Enterprise Search Relevance Architecture Overview
In Search, relevance is about how closely the search results that are returned to the user match what the user wanted to find. Ideally, the results that are returned on the first page are the most relevant, so the user does not have to look through several pages of results to find the best matches for their search.
Enterprise Search in Microsoft Office SharePoint Server 2007 includes a revamped ranking engine developed in collaboration with Microsoft Research. It is specifically tuned for the unique requirements of searching enterprise content.
Understanding Static and Dynamic Ranking
There are two types of ranking formula components used in the relevance calculation: static and dynamic. The difference between the components is related to whether the rank calculated is affected or not by the query terms, and the actual content and text in various properties for a content item.

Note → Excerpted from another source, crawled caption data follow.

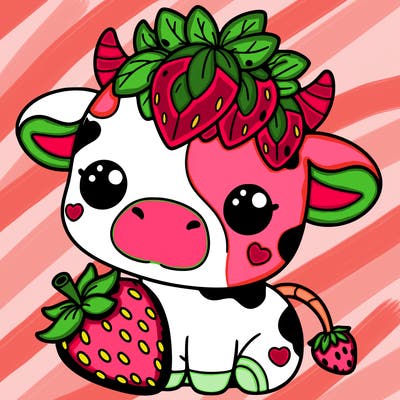 cute strawberry cow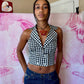 70s Double Breasted Gingham Cropped Halter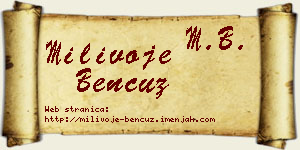 Milivoje Bencuz vizit kartica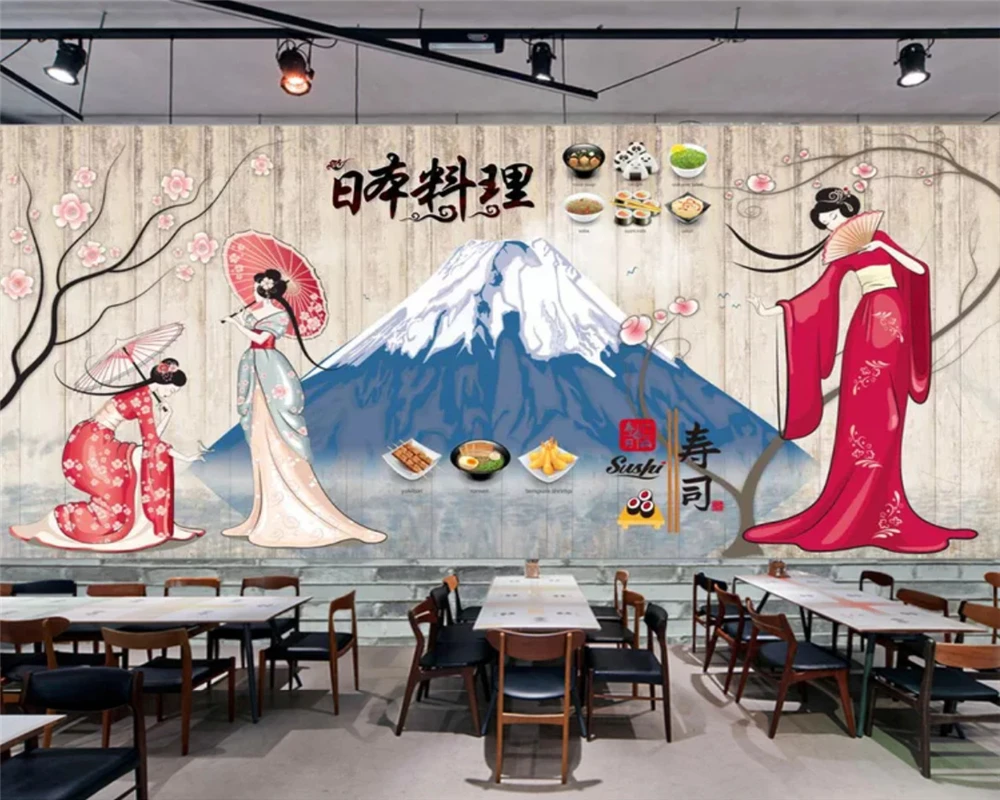 

beibehang Custom fashion decorative painting Japanese food sushi restaurant catering tooling background wallpaper papier peint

Dynamic ranking describes the ranking that is affected by the content or property values for a content item; this is also known as query-dependent ranking.
The following sections provide an overview of the components used for the dynamic ranking algorithm used in the Enterprise Search relevance calculation.
Anchor text is the text that is included with a hyperlink to describe the target content of that hyperlink. When Enterprise Search crawls the content item, this text is included in the index for that content. Anchor text only influences rank, and is not the determining factor for including a content item in the result set. For example, if all the query terms are found only in the anchor text and not in the actual content of the item, the link may be obsolete, so the content item is not included in the results.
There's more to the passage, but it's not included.